Quant aux huit films présentés en compétition, ils permettront de se faire une idée des thèmes abordés par les cinéastes actuels. La jeunesse, avec deux films qui sont également présentés dans la section « jeune public » : As melhores coisas do mundo (Les meilleurs choses au monde) de Lais Bodansly et Desenrola (Déroule) de Rosane Svartman.  Play a song for me, film aux frontières du fantastique de Esmir Filho, a également pour personnage central un adolescent.  Difficulté et complexité des relations amoureuses ou affectives sont évoquées dans Malu de bicicleta (Malu à Vélo) de Flavio Ramos Tambellini et Como esquecer (Comment oublier) de Malu de Martino. Daniel Filho, avec Chico Xavier, retrace la vie du célèbre médium, dans un film qui  a connu un très grand succès national en 2010, avec le plus fort taux de fréquentation. Além da estrada (Sur la Route), de Charly Braun, est le seul film de la sélection qui sort des frontières du Brésil, avec pour décor l’Uruguay, des acteurs étrangers et l’espagnol en VO.  Retour à Rio avec 180 graus (180 degrés) de Eduardo Vaisman qui raconte l’histoire de trois personnages de la classe moyenne.
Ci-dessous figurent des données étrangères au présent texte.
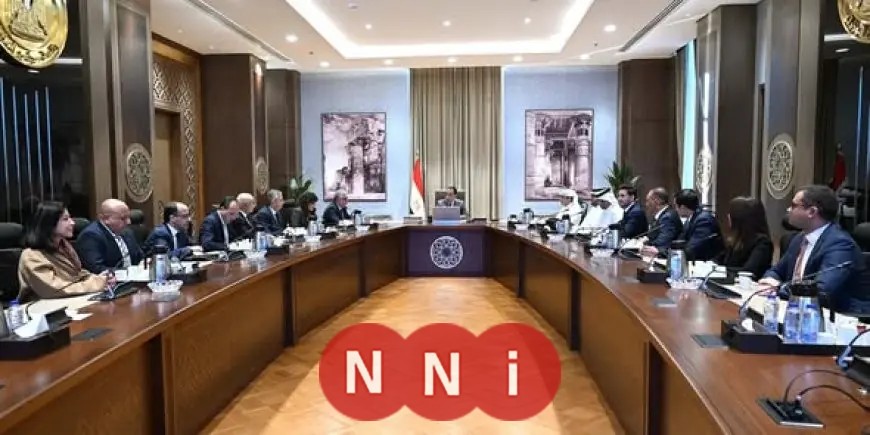 مدبولي يجتمع مع الرئيس التنفيذي لشركة المانع القابضة القطرية لدعم التعاون الاقتصادي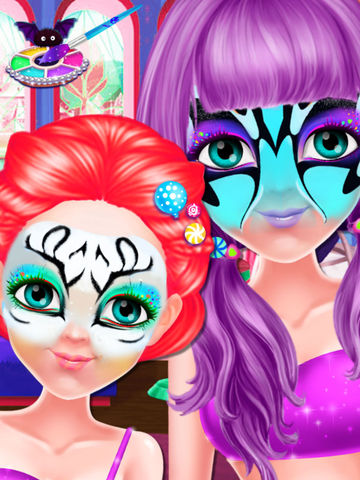 Скриншот из Rainbow Princess Sugary Resort——Dream Makeup&Colorful Beauty Salon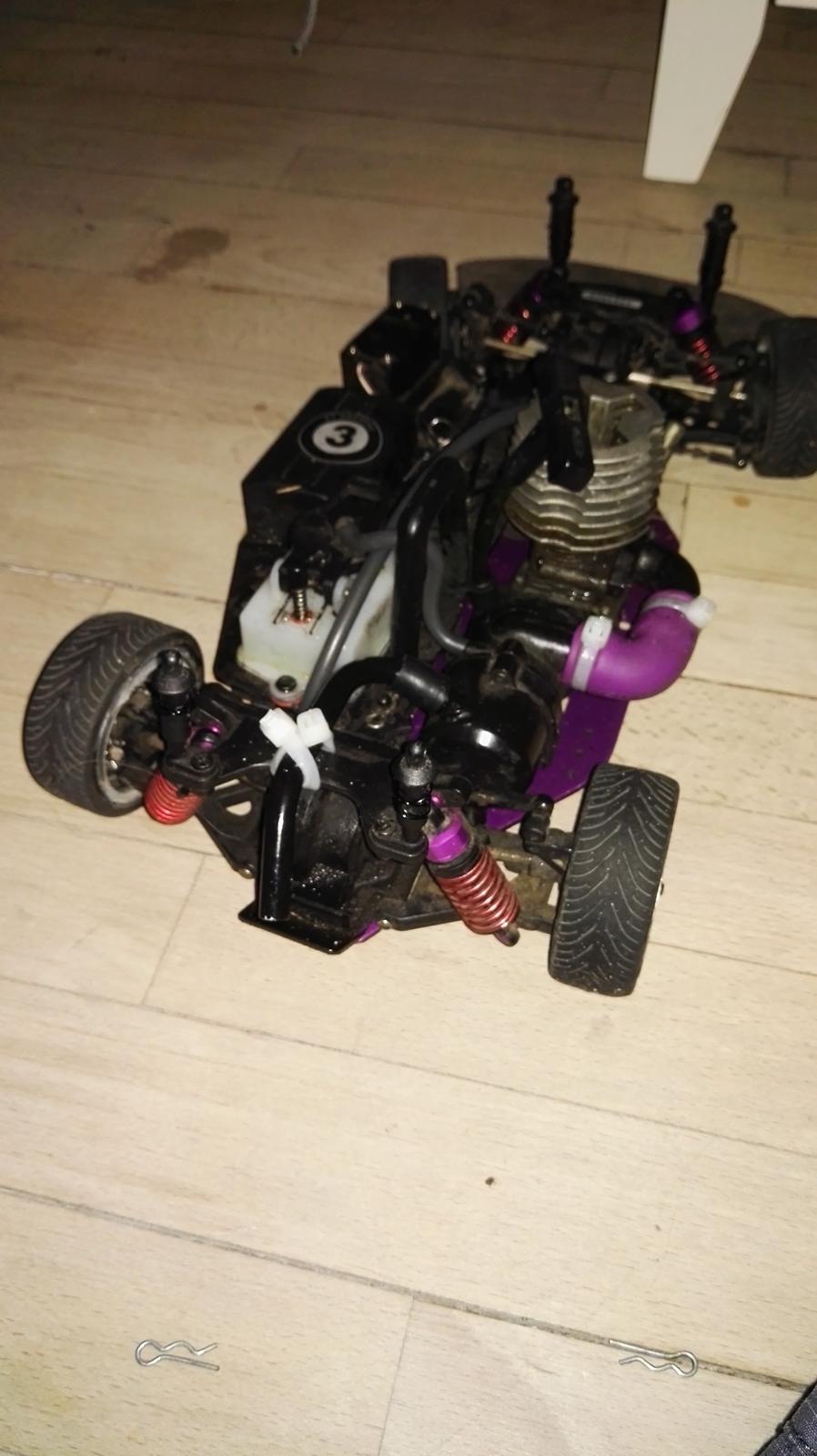 Bil Hpi rs4 nitro 3 billede 6
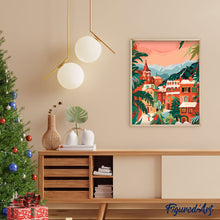 Charger l'image dans la galerie, Paysage de Ville Festive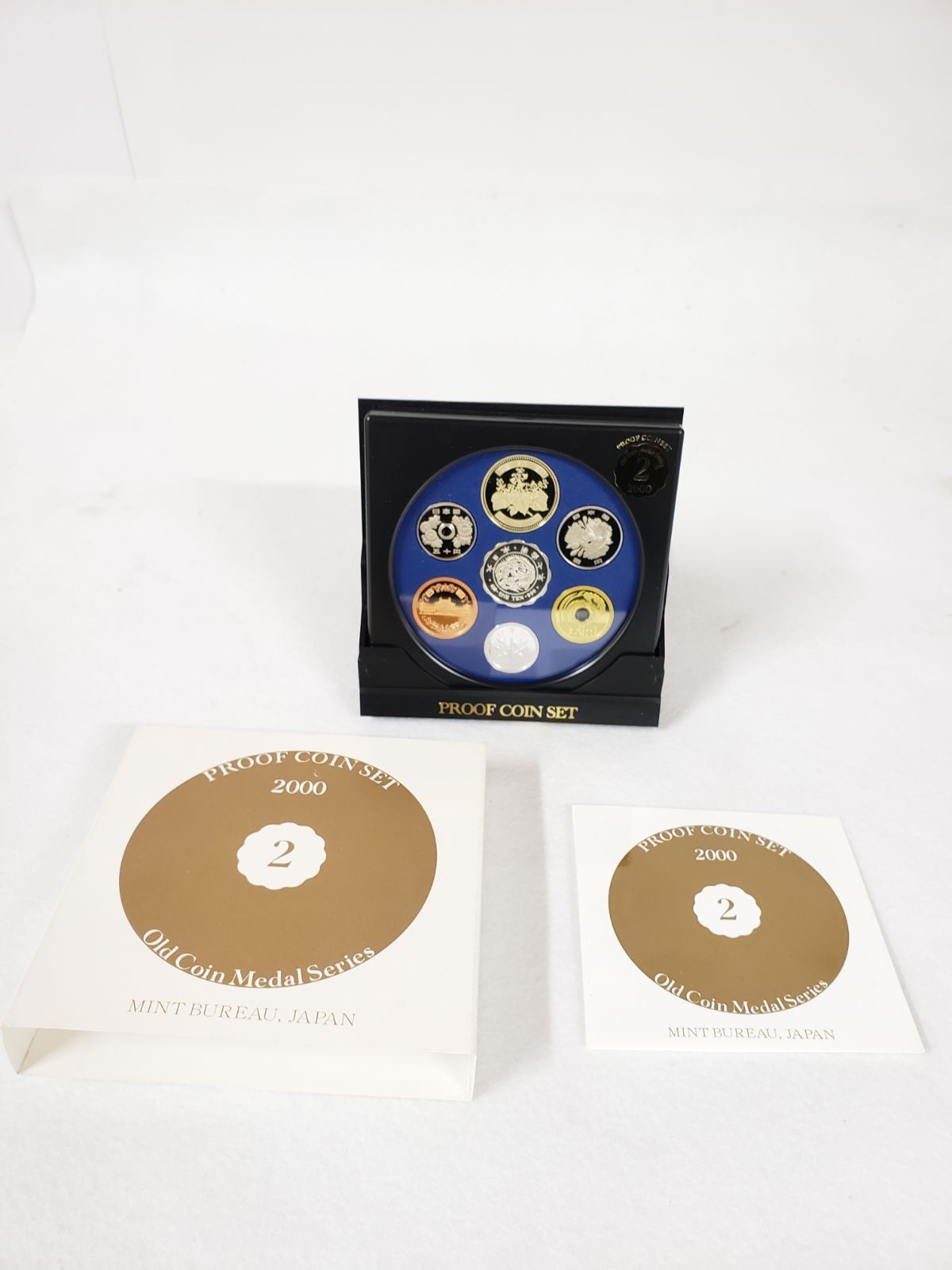 プルーフ貨幣セット オールド・コイン・メダル・シリーズ 3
Les films en compétition sont soumis à un jury professionnel, composé de personnalités du cinéma français et qui décernera  trois récompenses : meilleur film, meilleur acteur et meilleure actrice. Les spectateurs pourront également se prononcer sur la sélection, appelés à voter  tout au long de la première semaine du Festival pour le Prix du Public du meilleur long-métrage de fiction.
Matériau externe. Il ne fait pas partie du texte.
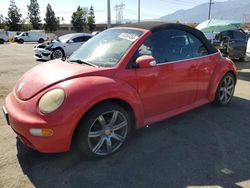 Volkswagen Beetle salvage cars for sale: 2004 Volkswagen New Beetle GLS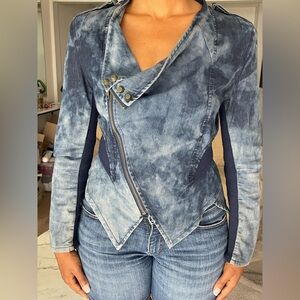 Stylish Blue Denim Jacket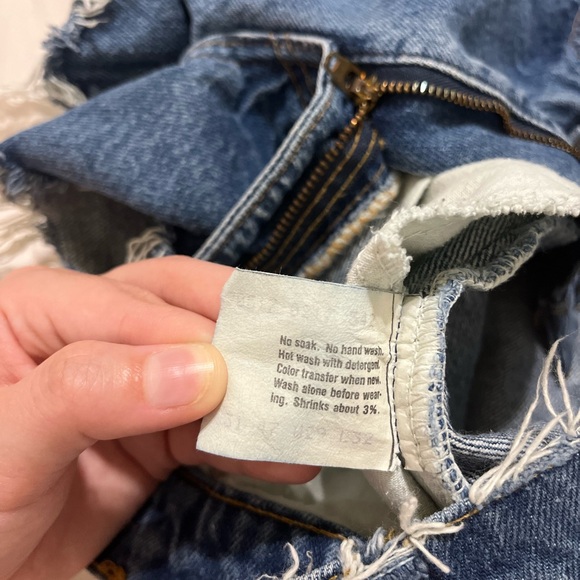 Vintage Levi’s Orange Tag - Picture 5 of 7
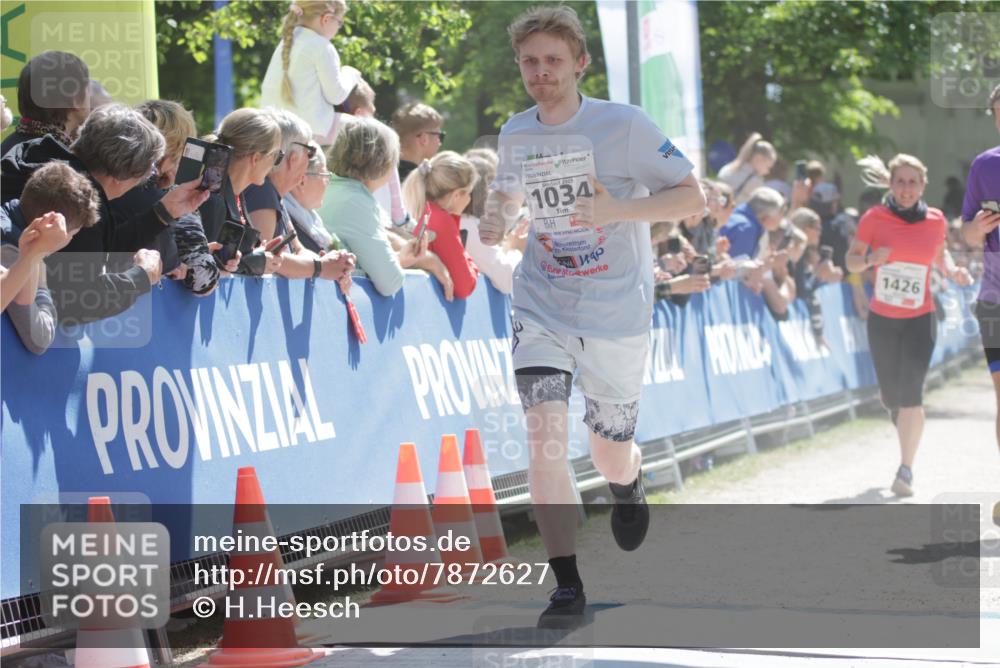 17.05.2025 - Störlauf H.Heesch http://msf.ph/oto/7872627 17.05.2025 14:43:22 Ziel  meine-sportfotos.de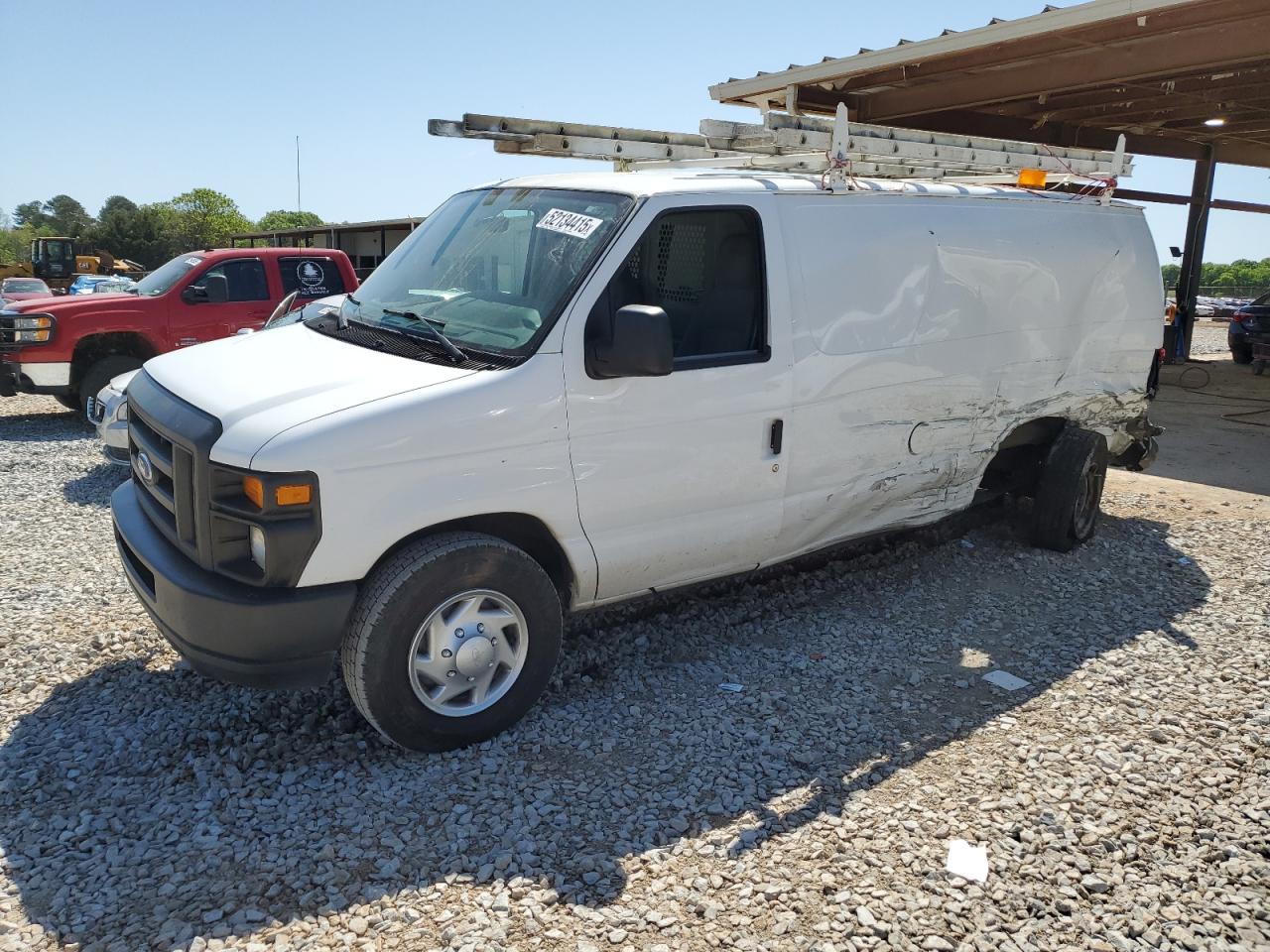 FORD ECONOLINE E250 VAN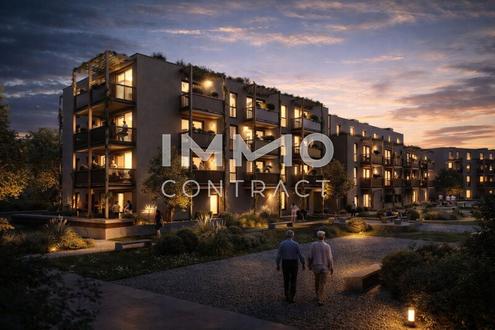 Florea: 2-Zimmer DG-Wohnung mit Terrasse - perfekte Starterwohnung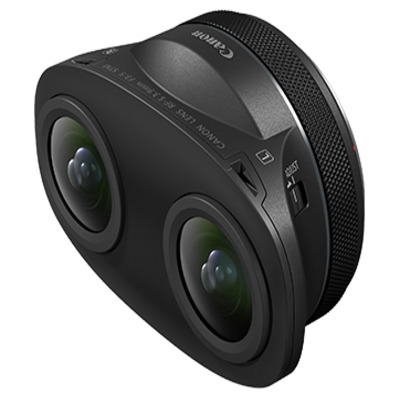 กล้องถ่ายภาพ เลนส์ RF RF-S3.9mm f/3.5 STM Dual Fisheye (CNN-6578C003AA)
Le Festival, ce sont aussi des débats, littéraire et cinématographique  – on retiendra la rencontre avec Nelson Pereira dos Santos organisée à la Maison de l’Amérique Latine le 5 mai –, un lancement de livre,  une exposition de photographie, un bar et des soirées…
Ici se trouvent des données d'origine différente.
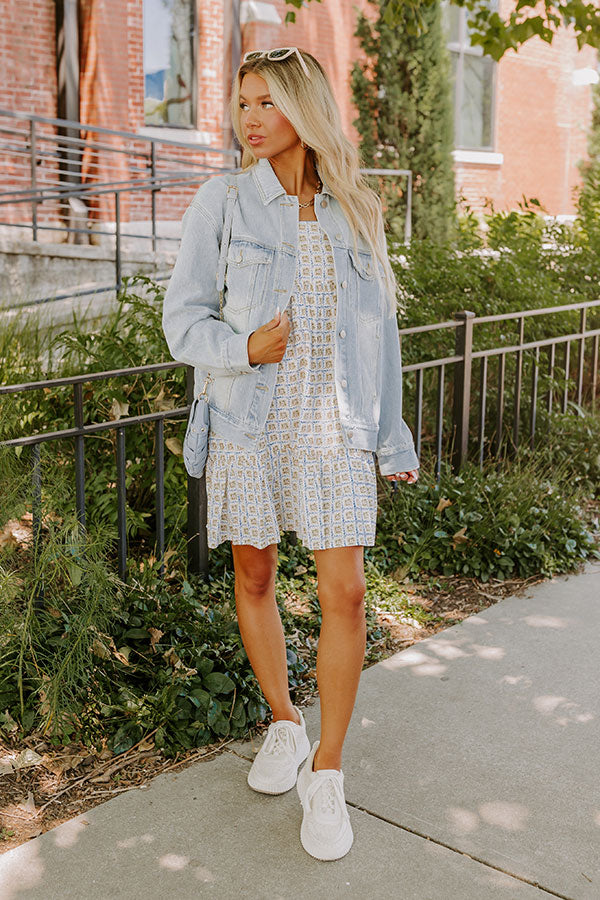 The Daisy Denim Jacket Image - 2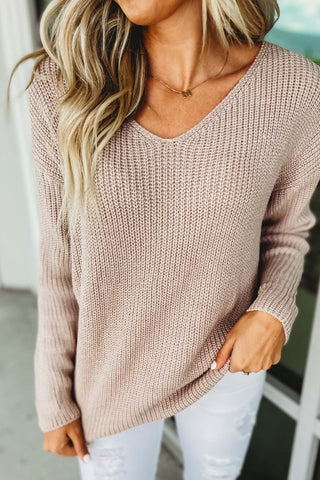 Confessions Twist Back Sweater 5 Colors! - Simply Me Boutique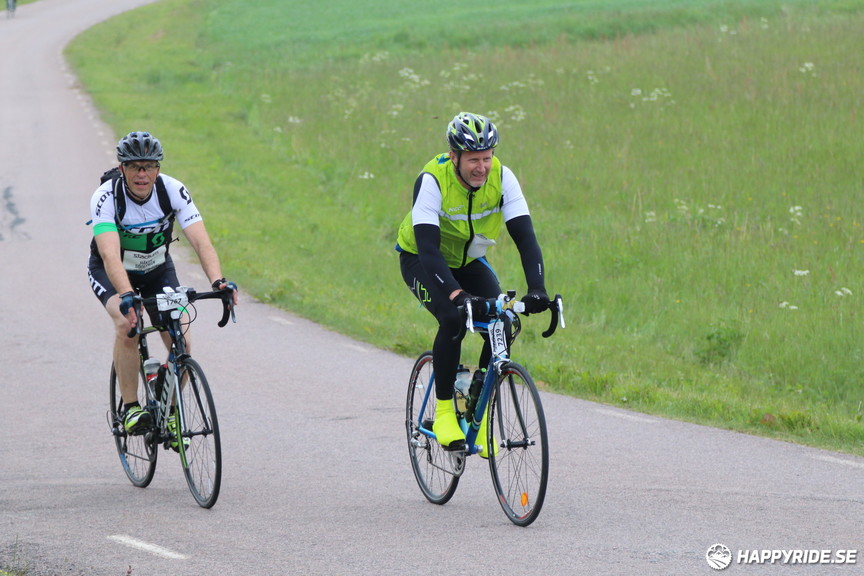 Bild från Vätternrundan 2017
Jorge Amado et Glauber Rocha, "Jorjamado", 1976

(1) L’Union Latine, organisation intergouvernementale composée de 36 Etats membres, a pour objectif la mise en valeur et la diffusion du patrimoine latin  ainsi que le soutien à la création et aux échanges culturels. Pour en savoir plus : http://dcc.unilat.org/DCC/index.fr.asp

(2) Vidas Secas a reçu le prix des Cinémas d’Art et d’Essai et le Prix du meilleur film pour la jeunesse.
1964 a été une année faste pour le cinéma brésilien à Cannes, puisqu’y était aussi présenté Deus e O Diabo na Terra do Sol (Dieu noir et Diable blond) de Glauber Rocha, qui fit également sensation. Le Cinema Novo faisait son apparition comme  nouveau courant de création cinématographique.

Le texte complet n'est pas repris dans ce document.